**Aim of the task**: Leaving the pictures aside, transcribe every line below exactly.

**Data**:
***

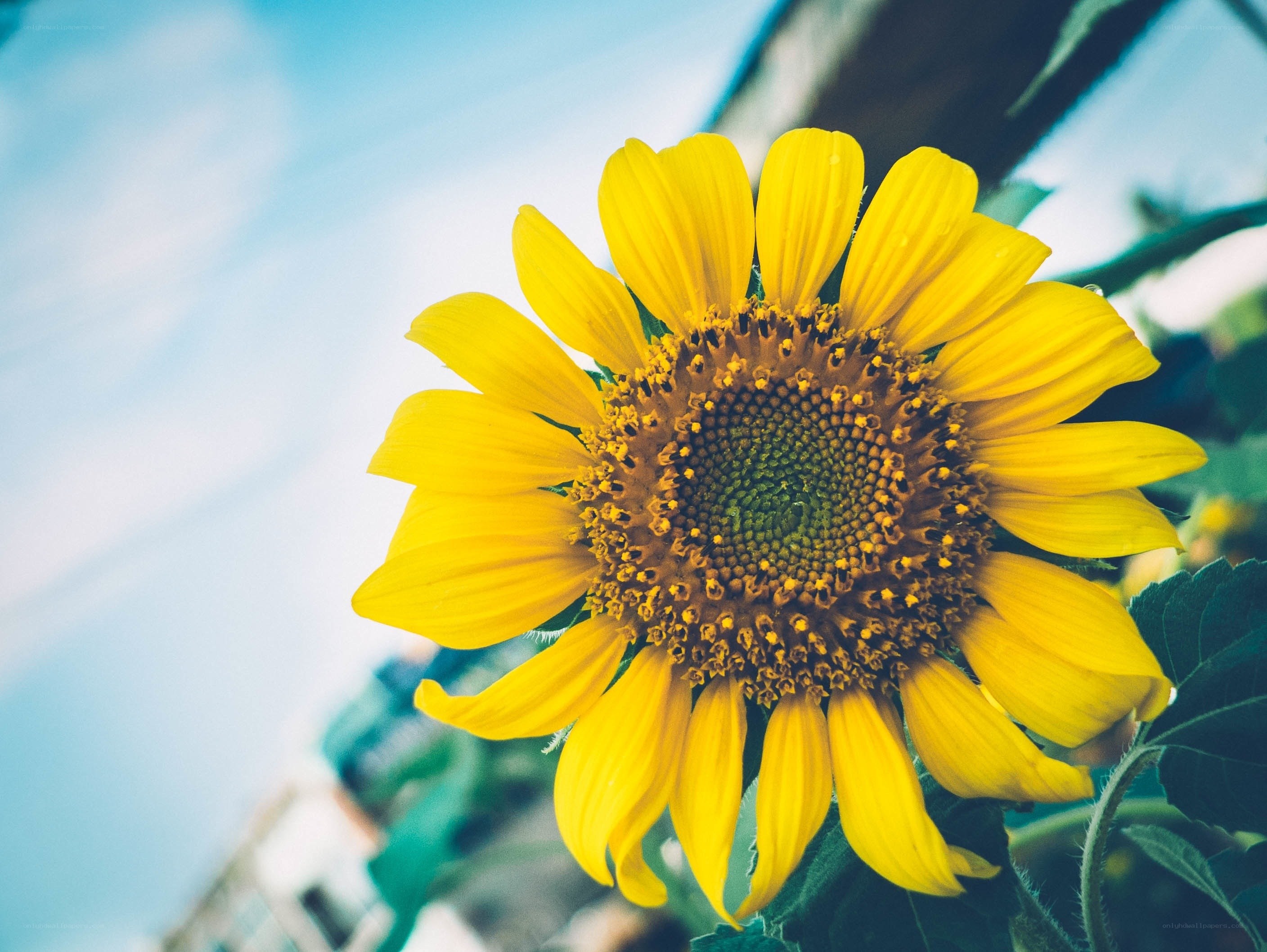 Sunflower in the sky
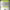 https://res.cloudinary.com/billionhands/image/upload/v1780902836/items/njkdkhistedr3xecbakb.png-0cover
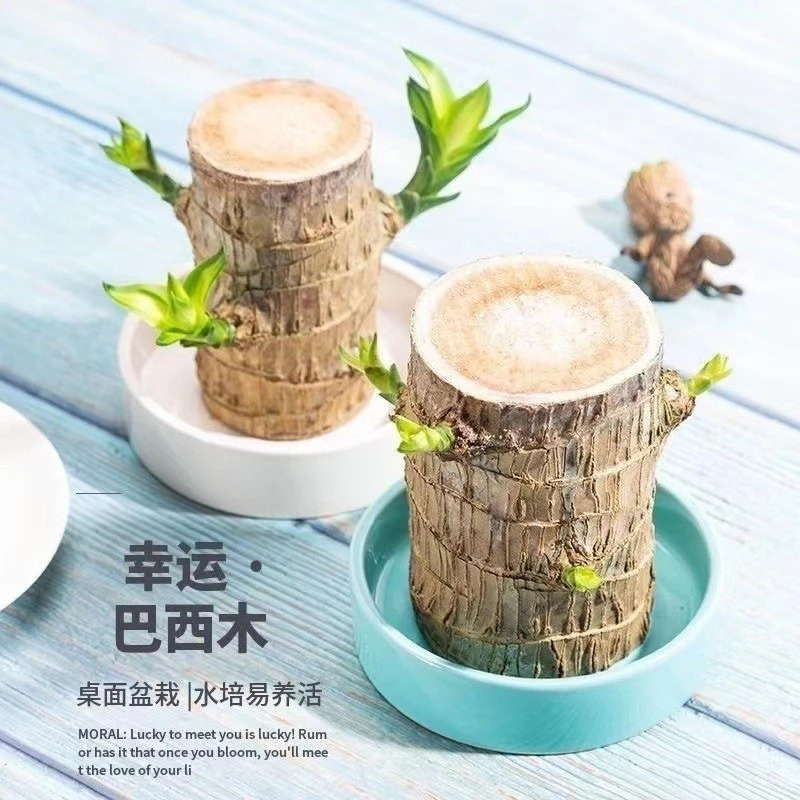 巴西木水养幸运木开花绿植室内盆栽水培植物格鲁特小树人四季带芽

***

**Exercise answer**:
 Sunflower in the sky
 https://res.cloudinary.com/billionhands/image/upload/v1780902836/items/njkdkhistedr3xecbakb.png-0cover
 巴西木水养幸运木开花绿植室内盆栽水培植物格鲁特小树人四季带芽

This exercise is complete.